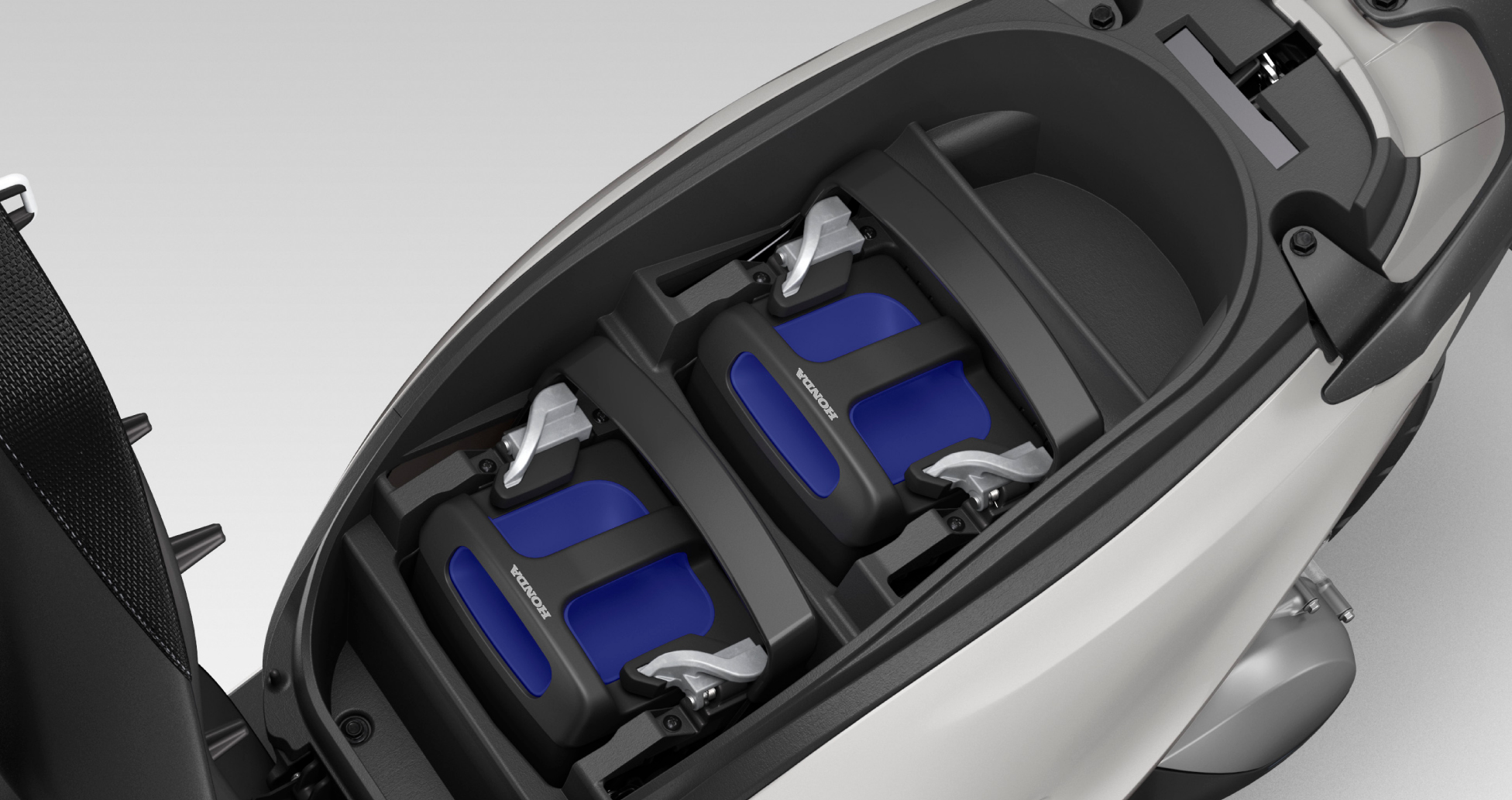 Xe máy điện Honda CUV e: chuyển từ cho thuê sang bán đứt, giá 65 triệu đồng cả pin - Ảnh 5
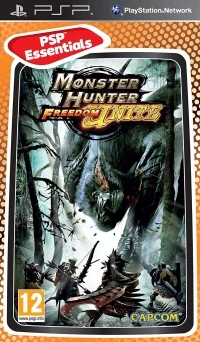 Monster Hunter: Freedom Unite - PSP Essentials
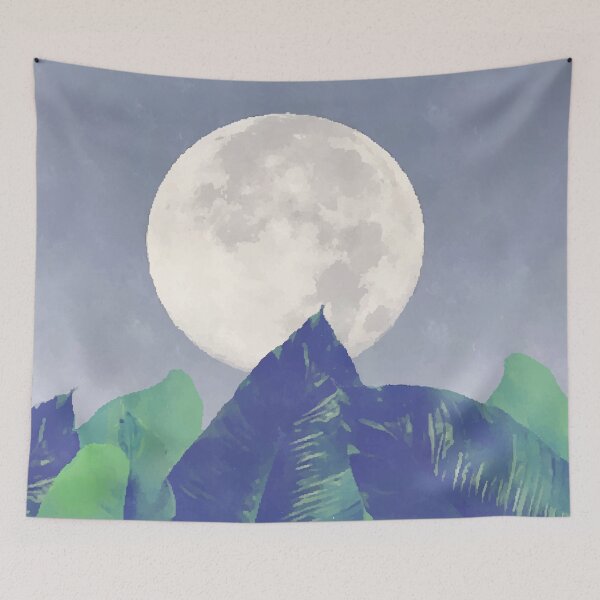 Item preview, Vintage Moon Dance #redbubble designed and sold by 83oranges.com.
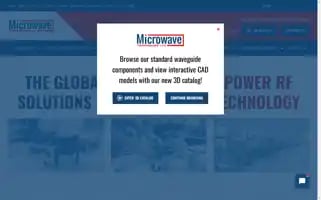 Microwavetechniques.com Screenshot 2024-07-06 06:04:06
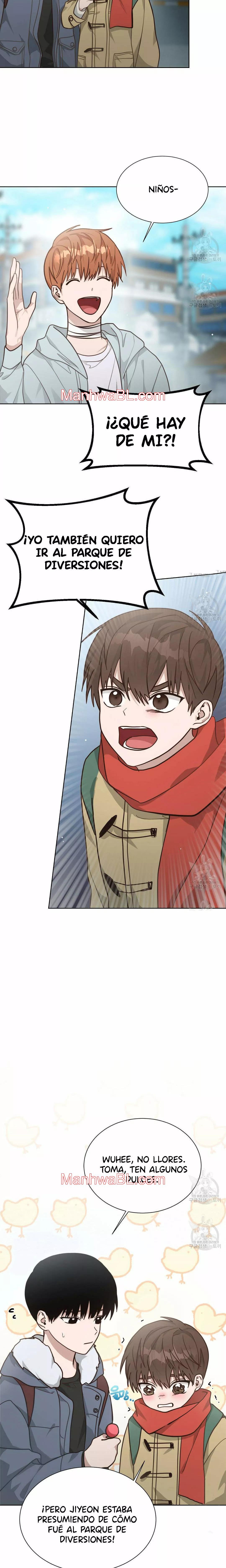 Me convertí en el pésimo seme - Capítulo 15.00 manhwa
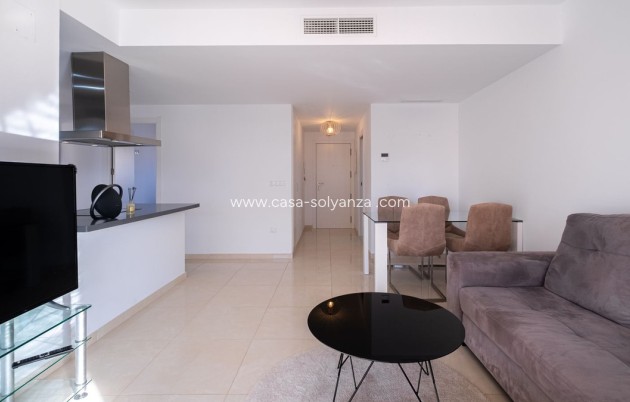 Revente - Appartement - Orihuela - Villamartin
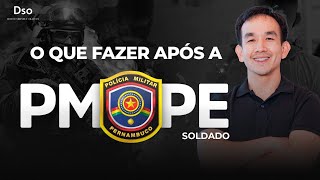 O que eu faria pós PM PE  com Juliano Yamakawa [upl. by Acinad681]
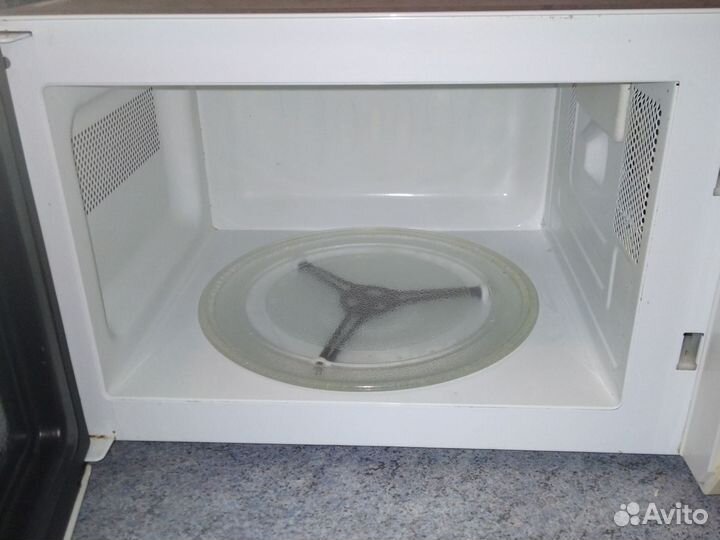 Микроволновая печь lg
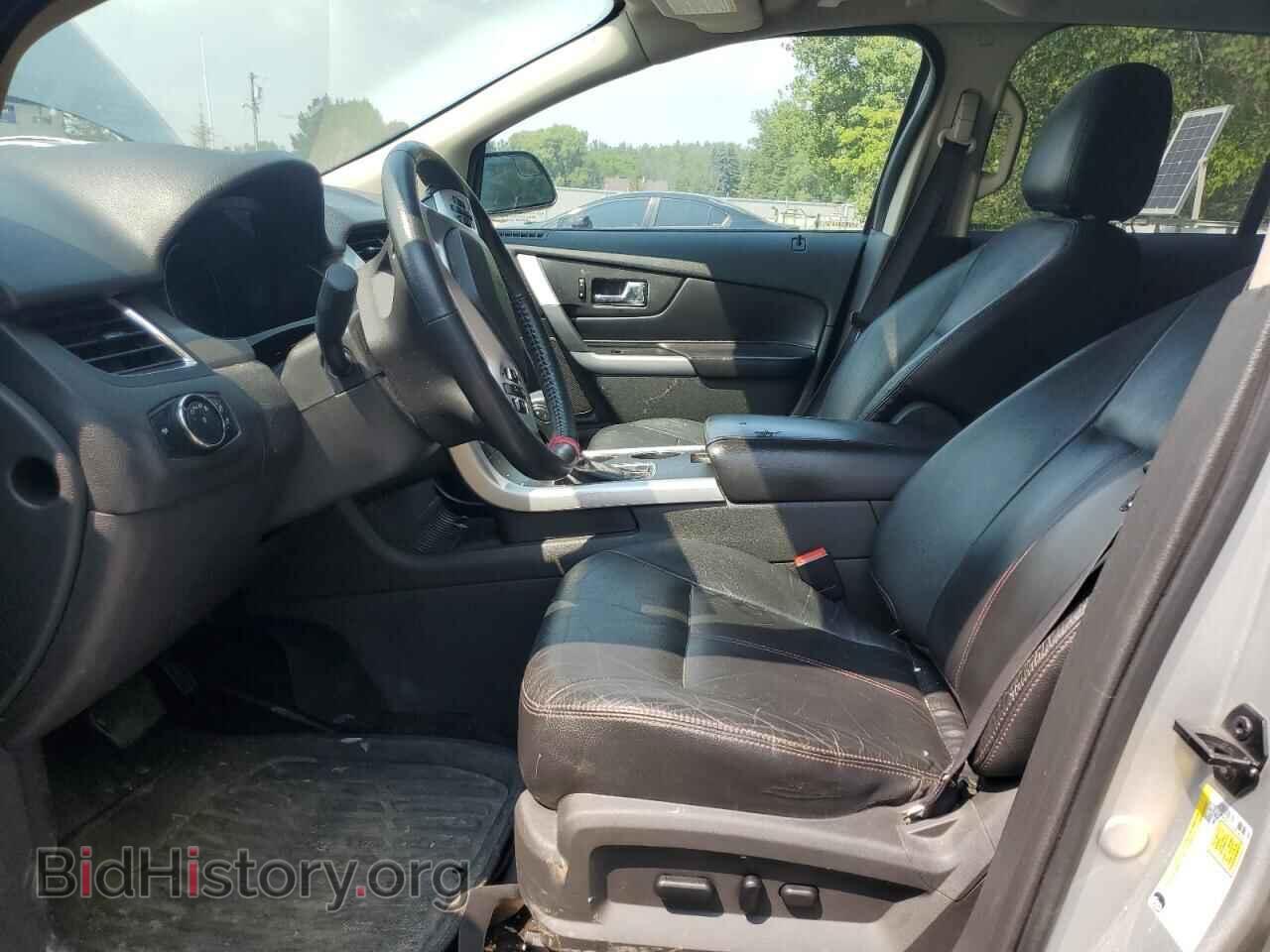 2013 FORD EDGE - VIN: 2FMDK4JC3DBC90262 - Фото 7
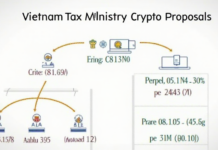 Vietnam Finance Ministry Crypto Tax Proposal Unveiled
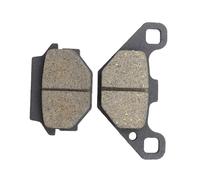 Compatible With For Zxr250 For C1-C3 1991 1992 1993; For Zr250 For A1-A5 1991 1992 1993 1994 1995; Motorcycle Rear Brake Pads Motorcycle Disc Brake Pads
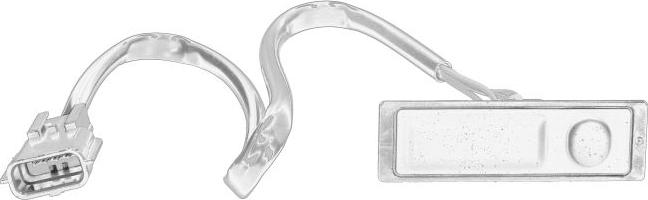 NISSAN 253804EA1A - Вимикач, задні двері autocars.com.ua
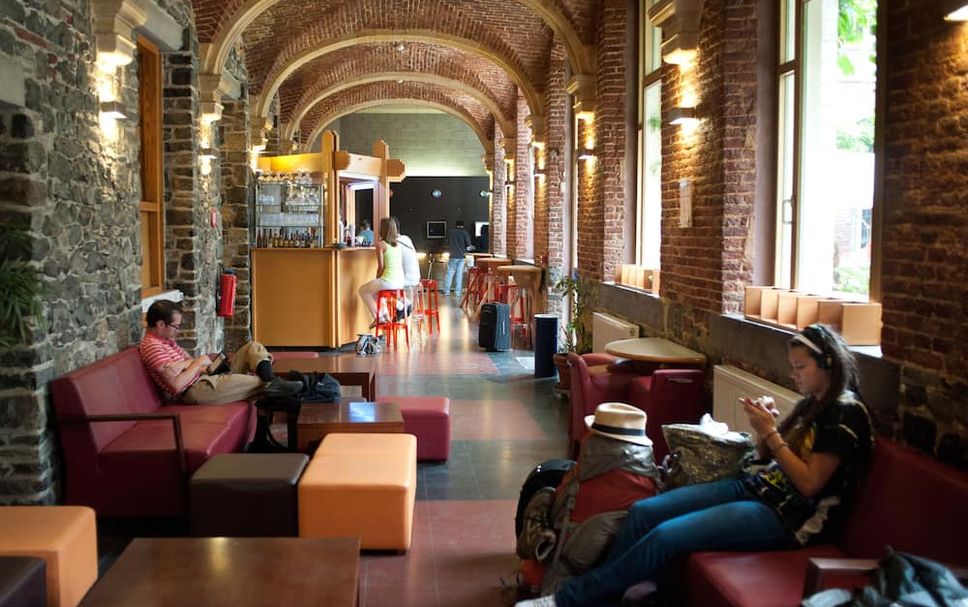 Lounge Foto
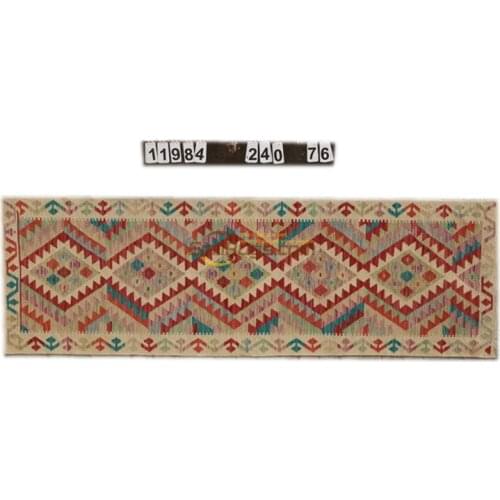 Oriental rug wool area rug bedroom carpet Kilim Fabric Hand Knitted Carpets Geometric Carpet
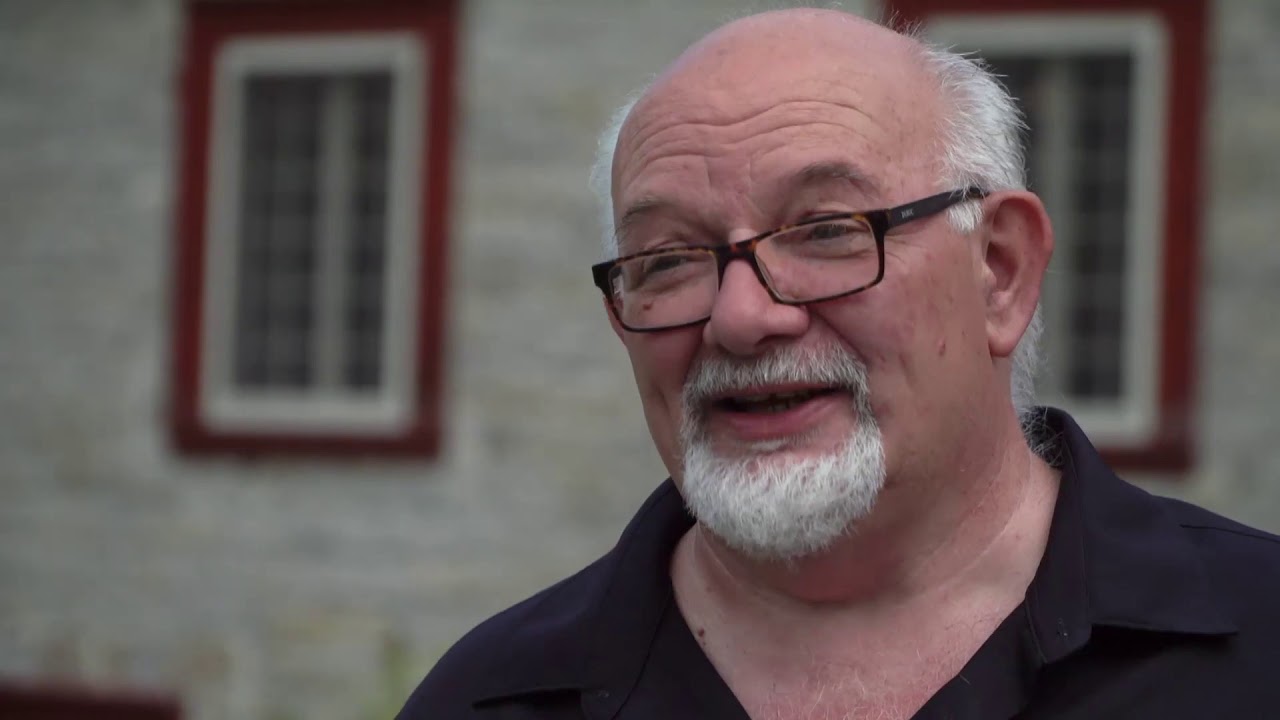 Visite historique de Deschambault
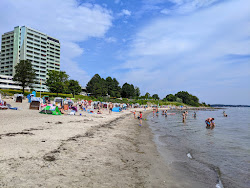 Photo de Sierksdorf Strand avec un niveau de propreté de très propre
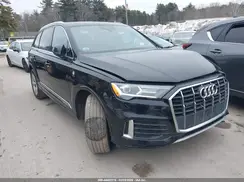WA1AJAF7XMD029395 2021 AUDI Q7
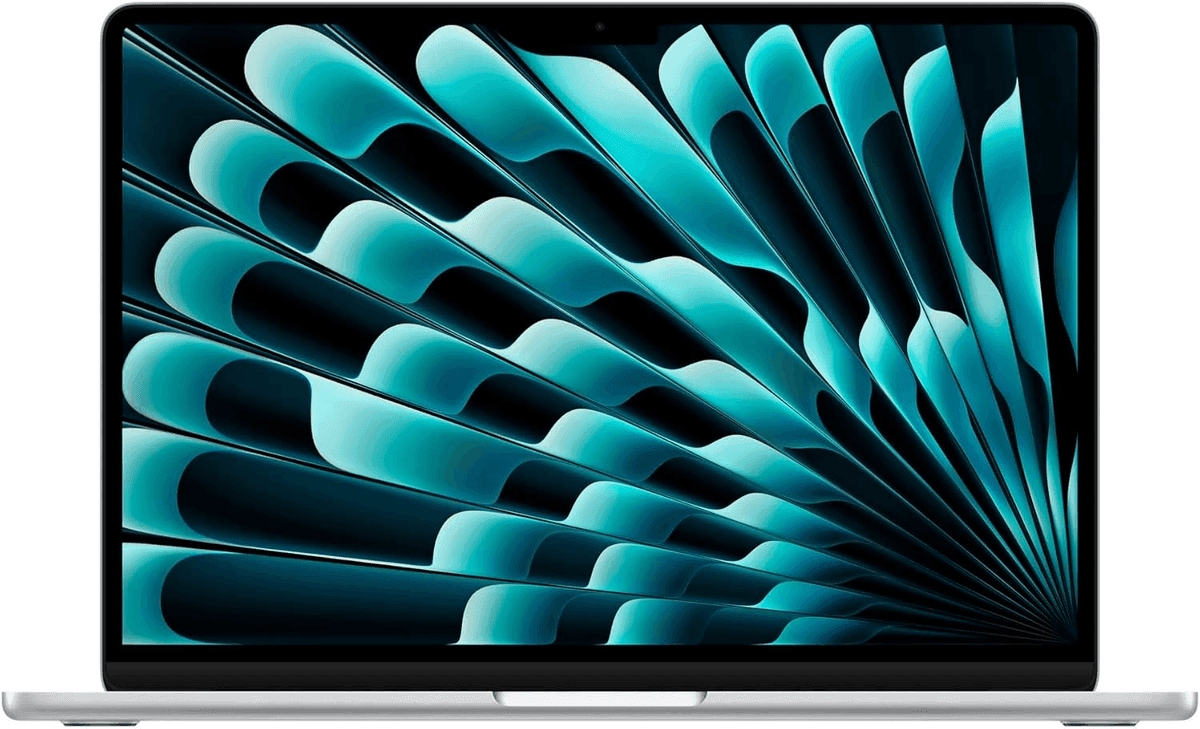 Apple 13-inch M5 MacBook Air 16GB/1TB - Silver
————
Repeat the listing exactly, minus its pictures.

 Xe máy điện Honda CUV e: chuyển từ cho thuê sang bán đứt, giá 65 triệu đồng cả pin - Ảnh 5
 Monster Hunter: Freedom Unite - PSP Essentials
 Item preview, Vintage Moon Dance #redbubble designed and sold by 83oranges.com.
 Microwavetechniques.com Screenshot 2024-07-06 06:04:06
 Me convertí en el pésimo seme - Capítulo 15.00 manhwa
 Revente - Appartement - Orihuela - Villamartin
 O que eu faria pós PM PE  com Juliano Yamakawa [upl. by Acinad681]
 Микроволновая печь lg
 2013 FORD EDGE - VIN: 2FMDK4JC3DBC90262 - Фото 7
 Vietnam Finance Ministry Crypto Tax Proposal Unveiled
 Compatible With For Zxr250 For C1-C3 1991 1992 1993; For Zr250 For A1-A5 1991 1992 1993 1994 1995; Motorcycle Rear Brake Pads Motorcycle Disc Brake Pads
 NISSAN 253804EA1A - Вимикач, задні двері autocars.com.ua
 Lounge Foto
 Oriental rug wool area rug bedroom carpet Kilim Fabric Hand Knitted Carpets Geometric Carpet
 Visite historique de Deschambault
 Photo de Sierksdorf Strand avec un niveau de propreté de très propre
WA1AJAF7XMD029395 2021 AUDI Q7
 Apple 13-inch M5 MacBook Air 16GB/1TB - Silver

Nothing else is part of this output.